Leaving pictures out, repeat word for word the line that has "Imperial Emerald &" and each line that follows it to the end of the listing.

-------- Supplied entries

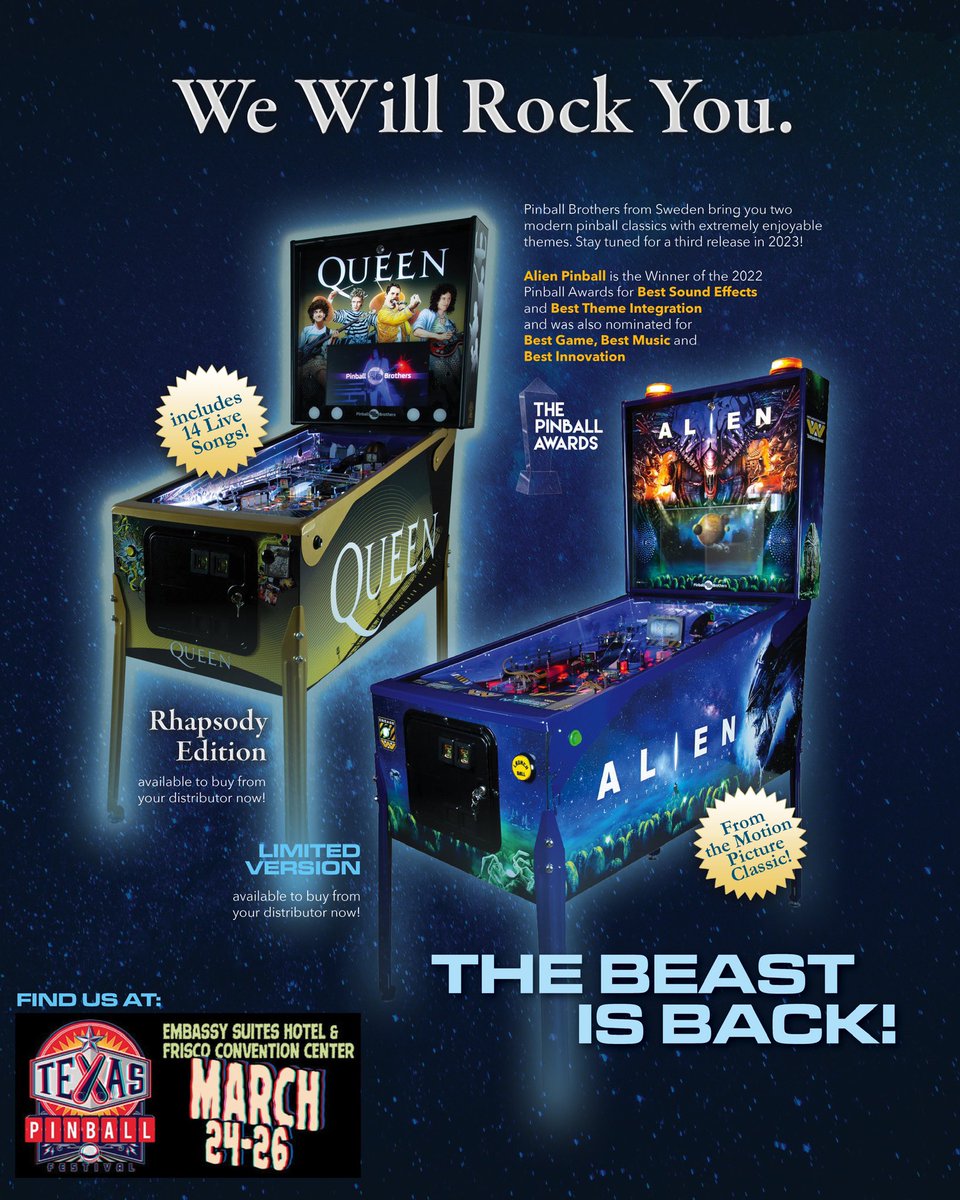 PinballBros's tweet photo. Gearing up for @TXPinball โ looking forward to meeting yโall!
#queenpinball #alienpinball https://t.co/y9ebNNgllm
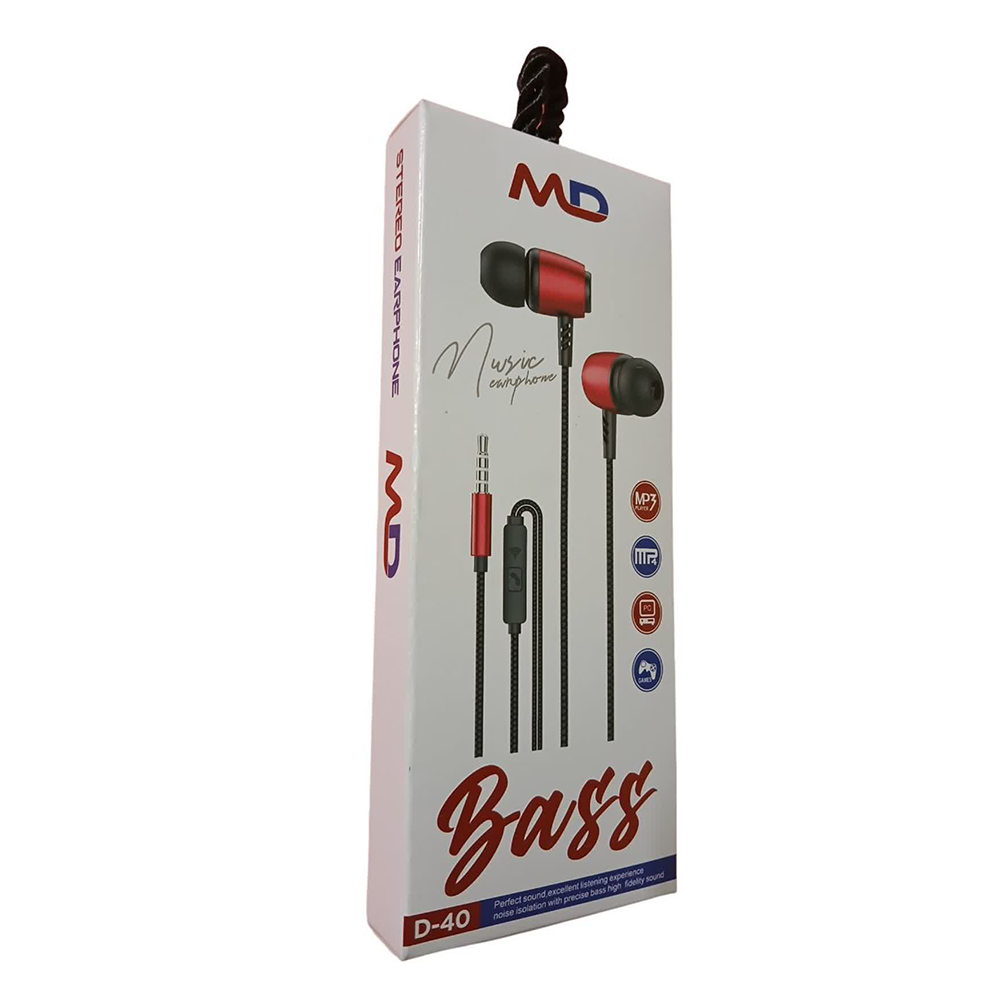 هندزفری موبایل باسیم ام دی MD مدل D-40 - Image 5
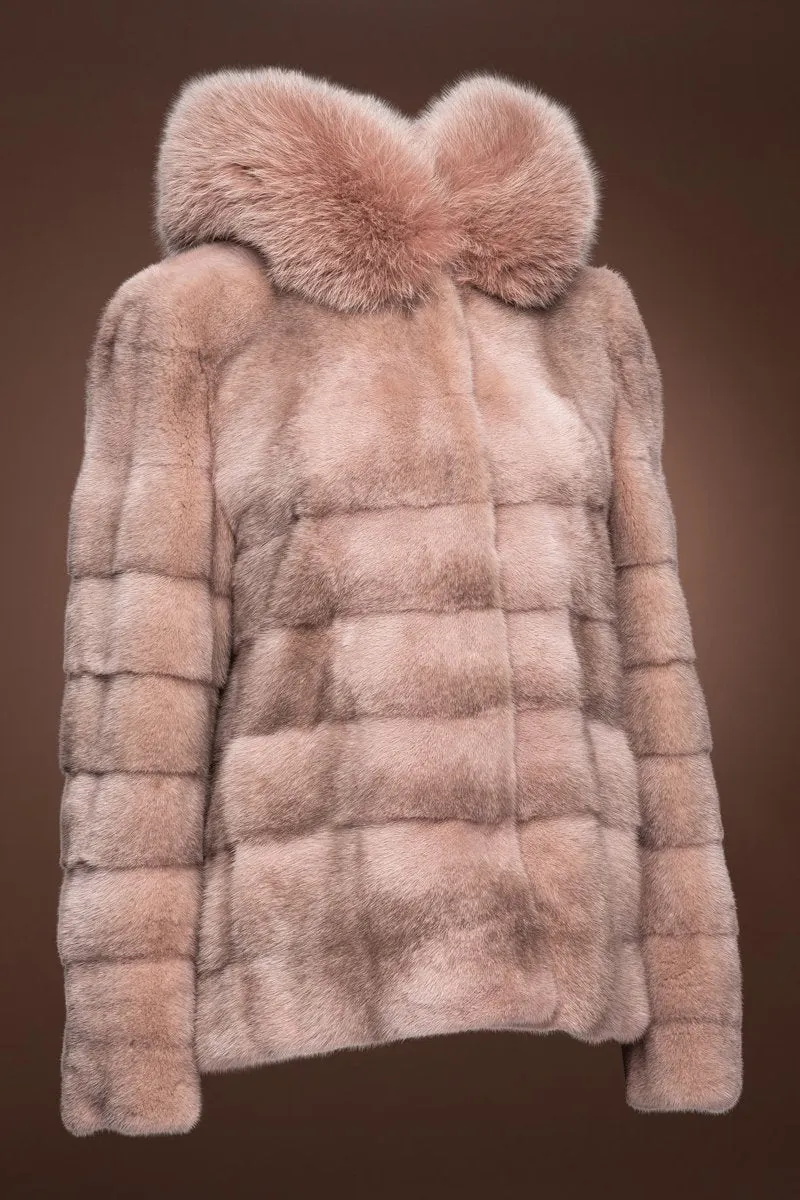 Horizontal Pink Cross Mink Fur Jacket - Pink Fox Fur Hood Trim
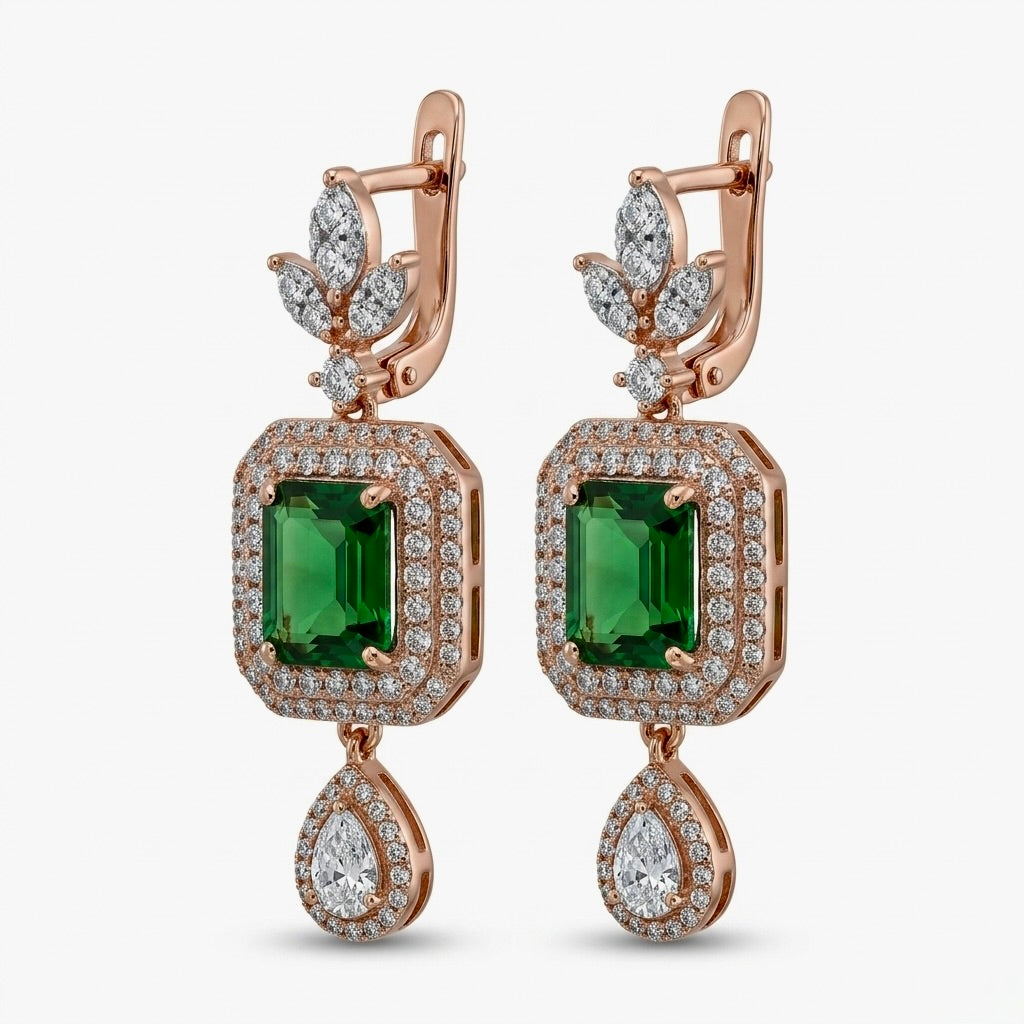 Imperial Emerald & Diamond Halo Drop Earrings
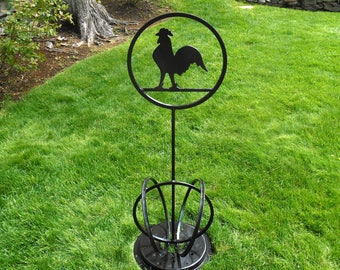 Free Standing Metal Rooster Lawn Ornament,  Metal Garden Decoration, Outdoor garden Art, Chicken Garden Art, Whimsical Rooster Lawn Ornament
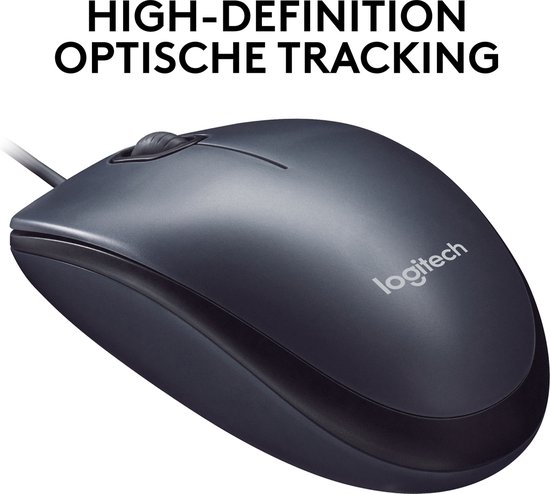 Souris Logitech M90 grise, vue de trois quarts par le dessus avec logo. Texte : "SUIVI OPTIQUE HAUTE DÉFINITION".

----------------

- **Exercise result**:
 Imperial Emerald & Diamond Halo Drop Earrings
 Free Standing Metal Rooster Lawn Ornament,  Metal Garden Decoration, Outdoor garden Art, Chicken Garden Art, Whimsical Rooster Lawn Ornament
 Souris Logitech M90 grise, vue de trois quarts par le dessus avec logo. Texte : "SUIVI OPTIQUE HAUTE DÉFINITION".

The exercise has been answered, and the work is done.